Personal information
- Date of birth: December 20, 1975 (age 50)
- Place of birth: Philadelphia, Pennsylvania, U.S.
- Height: 5 ft 6 in (1.68 m)
- Positions: Defender; midfielder;

Youth career
- 1994–1997: Rutgers Scarlet Knights

Senior career*
- Years: Team / Apps / (Gls)
- 1998: Staten Island Vipers / 12 / (0)
- 1999: Lehigh Valley Steam / 26 / (1)
- 2000: Hampton Roads Mariners / 25 / (0)
- 2001: Atlanta Silverbacks / 24 / (0)
- 2002: Hampton Roads Mariners / 27 / (0)
- Total:  / 114 / (1)

= Ian Checcio =

American soccer player

Ian Checcio is an American retired soccer player who played professionally in the USL A-League.
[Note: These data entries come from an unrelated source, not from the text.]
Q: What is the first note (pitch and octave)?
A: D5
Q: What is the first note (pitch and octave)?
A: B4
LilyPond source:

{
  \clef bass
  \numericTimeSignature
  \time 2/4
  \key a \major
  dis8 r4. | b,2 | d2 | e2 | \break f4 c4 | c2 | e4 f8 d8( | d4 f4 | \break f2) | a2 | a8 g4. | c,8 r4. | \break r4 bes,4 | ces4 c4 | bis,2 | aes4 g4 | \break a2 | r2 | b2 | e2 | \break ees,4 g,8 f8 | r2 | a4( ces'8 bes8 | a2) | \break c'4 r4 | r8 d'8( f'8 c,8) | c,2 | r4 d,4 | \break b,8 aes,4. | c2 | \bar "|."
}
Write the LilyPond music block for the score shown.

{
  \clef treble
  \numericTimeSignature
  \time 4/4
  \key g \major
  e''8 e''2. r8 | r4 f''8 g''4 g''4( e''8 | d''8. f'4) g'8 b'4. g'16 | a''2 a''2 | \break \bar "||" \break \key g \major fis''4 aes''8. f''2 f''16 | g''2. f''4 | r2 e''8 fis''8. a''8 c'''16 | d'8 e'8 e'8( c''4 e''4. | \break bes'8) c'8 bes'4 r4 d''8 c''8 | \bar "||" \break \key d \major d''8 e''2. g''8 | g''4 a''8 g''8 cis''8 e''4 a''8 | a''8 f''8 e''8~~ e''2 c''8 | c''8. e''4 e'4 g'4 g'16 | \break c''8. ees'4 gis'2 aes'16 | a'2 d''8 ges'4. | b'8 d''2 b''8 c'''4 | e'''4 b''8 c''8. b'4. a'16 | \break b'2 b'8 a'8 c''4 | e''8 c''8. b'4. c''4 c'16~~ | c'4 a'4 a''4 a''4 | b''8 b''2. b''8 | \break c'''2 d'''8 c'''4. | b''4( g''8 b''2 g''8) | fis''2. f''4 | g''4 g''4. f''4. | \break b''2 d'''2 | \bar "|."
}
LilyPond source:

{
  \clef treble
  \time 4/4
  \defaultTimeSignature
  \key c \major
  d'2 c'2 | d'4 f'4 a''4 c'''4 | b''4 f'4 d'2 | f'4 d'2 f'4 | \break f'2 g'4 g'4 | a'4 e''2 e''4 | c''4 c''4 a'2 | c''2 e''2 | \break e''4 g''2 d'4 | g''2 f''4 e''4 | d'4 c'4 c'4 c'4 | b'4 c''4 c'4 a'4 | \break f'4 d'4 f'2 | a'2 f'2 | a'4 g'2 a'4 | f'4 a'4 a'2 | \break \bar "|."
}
Checcio played youth soccer with FC Delco. In 1994, Checcio graduated from Radnor High School where he was a multi-year letterman in baseball, basketball and soccer. Checcio attended Rutgers University, playing on the men's soccer team from 1994 to 1997. In 1998, the Staten Island Vipers selected Checcio with the last pick in the A-League Draft. Over the next five seasons, Checcio played for a different team each year. In February 2001, Checcio moved to the Atlanta Silverbacks. He finished his career in 2002 with the Hampton Roads Mariners.